23 dezembro 2024

Do Natal

 

Mão amiga enviou-me fotografia do artigo acima, publicado no jornal Público. Um texto bonito, bem escrito, que tocará muitos de nós, em particular os que se confrontaram com perdas. 

A vantagem de se ter alguma idade é a memória. Lembro-me dos últimos (quase) 60 natais: lembro-me dos meus natais de criança ou de jovem, em casa dos meus Pais ou noutras casas de família. Lembro-me dos natais solteiro, casado, separado, com filhos, sem filhos, com netos, com famílias reorganizadas, com os filhos ou netos dos outros, pessoas a quem chamamos família, ou não. Lembro-me das tradições gastronómicas das várias casas, dos ambientes, das tensões. Conheci casas para quem o Natal era uma festa mais resguardada de família, conheci casas para quem o Natal era um open house day, ou uma espécie de albergue espanhol - são todos bem-vindos desde que tragam farnel. Curiosa - ou tristemente - cada vez conheço mais pessoas que anseiam fervorosamente pelo dia 26 de Dezembro, porque a quadra suscita exageros vários e de natureza diferente.

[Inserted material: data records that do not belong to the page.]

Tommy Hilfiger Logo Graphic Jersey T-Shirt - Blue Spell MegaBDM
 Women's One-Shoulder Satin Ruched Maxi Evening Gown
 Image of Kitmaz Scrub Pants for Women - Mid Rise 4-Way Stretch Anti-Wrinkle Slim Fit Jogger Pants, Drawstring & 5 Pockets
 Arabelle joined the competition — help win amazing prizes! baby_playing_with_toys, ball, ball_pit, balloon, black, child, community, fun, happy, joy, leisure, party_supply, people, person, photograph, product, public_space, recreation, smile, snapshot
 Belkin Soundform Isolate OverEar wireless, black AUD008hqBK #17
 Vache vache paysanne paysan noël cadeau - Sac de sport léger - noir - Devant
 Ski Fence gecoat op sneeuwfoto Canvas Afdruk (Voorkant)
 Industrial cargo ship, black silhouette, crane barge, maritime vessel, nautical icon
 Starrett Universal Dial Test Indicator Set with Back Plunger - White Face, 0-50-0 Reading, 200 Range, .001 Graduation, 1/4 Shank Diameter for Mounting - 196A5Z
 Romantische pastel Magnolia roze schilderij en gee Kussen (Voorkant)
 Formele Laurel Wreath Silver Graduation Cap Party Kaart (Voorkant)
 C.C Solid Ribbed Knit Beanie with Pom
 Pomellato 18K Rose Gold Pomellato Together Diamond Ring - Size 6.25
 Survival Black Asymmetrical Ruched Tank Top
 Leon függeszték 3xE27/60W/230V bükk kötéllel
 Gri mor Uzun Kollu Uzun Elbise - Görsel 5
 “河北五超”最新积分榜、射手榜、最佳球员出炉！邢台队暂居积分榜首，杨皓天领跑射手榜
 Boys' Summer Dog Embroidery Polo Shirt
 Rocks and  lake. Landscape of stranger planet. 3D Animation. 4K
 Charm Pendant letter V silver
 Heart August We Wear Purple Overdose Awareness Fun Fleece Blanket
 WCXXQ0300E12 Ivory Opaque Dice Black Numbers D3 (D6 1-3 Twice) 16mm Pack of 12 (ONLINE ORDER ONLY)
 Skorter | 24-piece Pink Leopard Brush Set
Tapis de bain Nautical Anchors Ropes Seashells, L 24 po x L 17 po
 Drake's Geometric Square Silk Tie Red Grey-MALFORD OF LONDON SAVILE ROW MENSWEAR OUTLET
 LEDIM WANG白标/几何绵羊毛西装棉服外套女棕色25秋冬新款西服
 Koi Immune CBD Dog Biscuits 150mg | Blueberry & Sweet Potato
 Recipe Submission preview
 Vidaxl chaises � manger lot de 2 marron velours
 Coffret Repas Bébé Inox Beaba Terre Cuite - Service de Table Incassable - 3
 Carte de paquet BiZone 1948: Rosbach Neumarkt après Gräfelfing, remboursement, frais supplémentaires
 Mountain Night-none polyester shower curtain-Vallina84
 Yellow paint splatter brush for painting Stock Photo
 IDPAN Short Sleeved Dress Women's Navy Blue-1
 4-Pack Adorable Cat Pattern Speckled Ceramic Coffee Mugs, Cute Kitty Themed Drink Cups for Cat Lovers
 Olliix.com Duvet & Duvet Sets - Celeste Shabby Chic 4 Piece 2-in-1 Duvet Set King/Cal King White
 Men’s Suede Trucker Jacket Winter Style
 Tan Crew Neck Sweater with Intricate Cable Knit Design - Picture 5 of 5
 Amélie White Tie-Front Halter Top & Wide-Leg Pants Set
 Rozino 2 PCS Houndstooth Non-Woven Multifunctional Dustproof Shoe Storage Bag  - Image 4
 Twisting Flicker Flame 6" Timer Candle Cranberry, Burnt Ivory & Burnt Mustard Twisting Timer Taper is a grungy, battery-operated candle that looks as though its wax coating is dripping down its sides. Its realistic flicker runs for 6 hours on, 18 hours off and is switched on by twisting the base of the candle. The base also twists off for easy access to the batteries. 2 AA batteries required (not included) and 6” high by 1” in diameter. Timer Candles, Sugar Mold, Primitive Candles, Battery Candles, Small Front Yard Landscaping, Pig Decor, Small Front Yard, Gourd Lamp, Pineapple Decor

A partir de uma dada altura, e partindo da minha própria experiência de vida, comecei a perceber o óbvio: o Natal é uma lente que amplia tudo - as tristezas, as alegrias, o desejo de mostrar que está tudo bem, os lugares vazios à mesa, a memória daqueles que desaparecerem de forma irreversível ou daqueles a quem de certa forma matámos no coração, o gozo de uma família que se aperta à mesa para receber um marido, uma mulher, um filho ou um neto. 


A fotografia acima, de um texto atribuído a Quentin Tarantino, e postado no Linkedin pelo meu querido amigo João Silva, fala disto mesmo: enquanto [o Natal] pode ser o tempo mais feliz do ano para algumas pessoas, é o tempo mais triste, mais solitário, mais tenso, mais doloroso, para tantos outros. O texto da enfermeira Carmen Garcia fala dos mortos que ainda se sentam à volta da mesa da sua consoada, mas podia falar dos vivos que, por vicissitudes da vida, já não se sentam à mesa da sua consoada, mas que ocupam um lugar forte na memória. 

O Natal é tudo o que se quiser: um tempo de generosidade, um tempo de família ou de amigos, de presentes trocados e loiça aprimorada, de refeições enfeitadas pelas receitas da tradição ou da família, um tempo de foco no presépio e no que tudo aquilo representa. Talvez devesse ser, acima de tudo, um tempo de atenção - ou, pelo menos, de uma compreensão activa - ao próximo: aos que fazem o luto por quem morreu ou se afastou, aos que fazem o luto por um tempo que acabou ou foi suspenso, aos que vivem momentos desafiantes e que geram tristeza. A todos os outros cabe, sem enfeites nem ruídos artificiais, oferecer a esta comunidade do desalento um abraço, uma frase ou um silêncio reconfortantes.  

Na minha mesa de Natal senta-se tudo e sentam-se todos, de forma desordenada e confusa, numa mistura sensorial onde pode haver música ou cacofonia. Sentam-se os que morreram ou se afastaram, os que chegaram de novo, os que permanecem, aqueles a quem, pela sua proximidade, adivinho tempos menos bons. Estou em crer que a minha mesa não é original - chegamos a uma certa idade e carregamos connosco um lastro natural e humano de alegrias e tristezas. E talvez vivamos menos bem com um Natal moderno, enfeitado de excessos, susceptível de um cansaço interior que mata o espírito do tempo. Mas até isso nos ensina esta lente magnificadora: não há fórmula certa para celebrar o Natal. Ou talvez haja, mas teríamos de ser radicais, isto é, ir à raiz das coisas

Apesar deste texto menos natalício por ausência de frases fortes onde conste o amor, a solidariedade, a alegria e as crianças, fica o desejo de um Santo Natal para todos os que passam por este estabelecimento. E que o Menino Jesus seja, de facto, a luz que nos ilumina e nos guia.